Seeking Advice on Analyzing Overlap in Taxonomic Classification Results

Dear QIIME2 Community,

I'm currently working on the analysis of my samples where both ITS1 and ITS2 regions have been amplified. I conducted separate analyses for each set of samples.

I used the qiime feature-classifier classify-sklearn method to classify my representative sequences. Now, I'm interested in understanding the level of taxonomic overlap between the ITS1 and ITS2 sets.

Specifically, I would like to know how many sequences have been classified as the same in both datasets. Could you please provide suggestions on how I can obtain this information? Ideally, I would like to generate a list of accession numbers for these shared sequences.
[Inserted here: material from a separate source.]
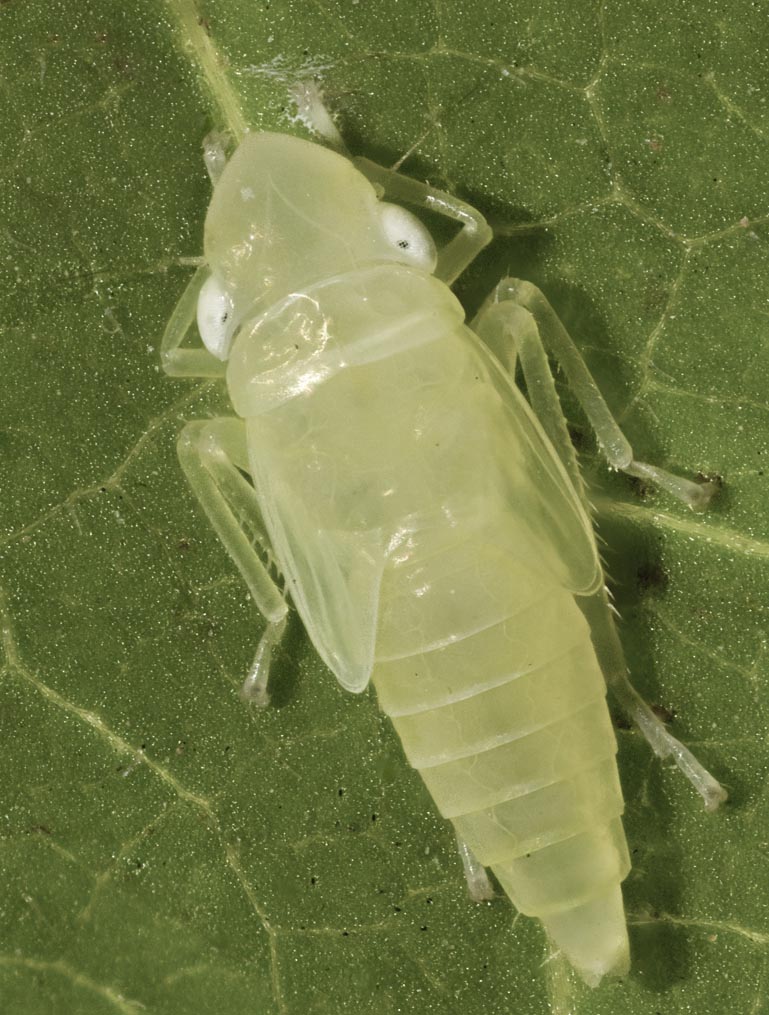 Leafhopper nymph 5mmL 3737-3789cs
Thank you so much for your assistance and any suggestions you can offer.



Hi @Antani!

So, just to make sure I understand - you used the same taxonomic classifier on two sets of rep seqs? One with the ITS1 region amplified, and the other with ITS2?


Hi @lizgehret
Correct, same taxonomic classifier on both.
I've used the Unite ITS database v9.

Thank you so much for your help!

1 Like

Hey @Antani,

So sorry for the delayed response here!

Unfortunately there isn't an action within QIIME 2 that will accomplish this. I think your best bet would be to try and compare your rep-seqs files in Python or R - returning a list of IDs for all matching values between the two files.

Hope this helps! Cheers :lizard:


Hi @Antani,

Just following up on this - there are a couple of options within QIIME 2 that will get you some of what you want (and might get you close enough to what you're wanting without having to write a custom Python/R script).

q2-quality-control has the evaulate taxonomy action, which compares a pair of observed and expected taxonomic assignments to calculate precision, recall, and F-measure at each taxonomic level, up to maximum level specified by the depth parameter. reSCRIPt also has an action with the same name that will produce a similar output.

These actions won't get you a list of IDs, but will provide you with general quantification of the amount of overlap between the two datasets.

Hope this helps! Cheers :lizard:


Hi @Antani ,

See also qiime rescript evaluate-classifications.

Good luck!


This topic was automatically closed 31 days after the last reply. New replies are no longer allowed.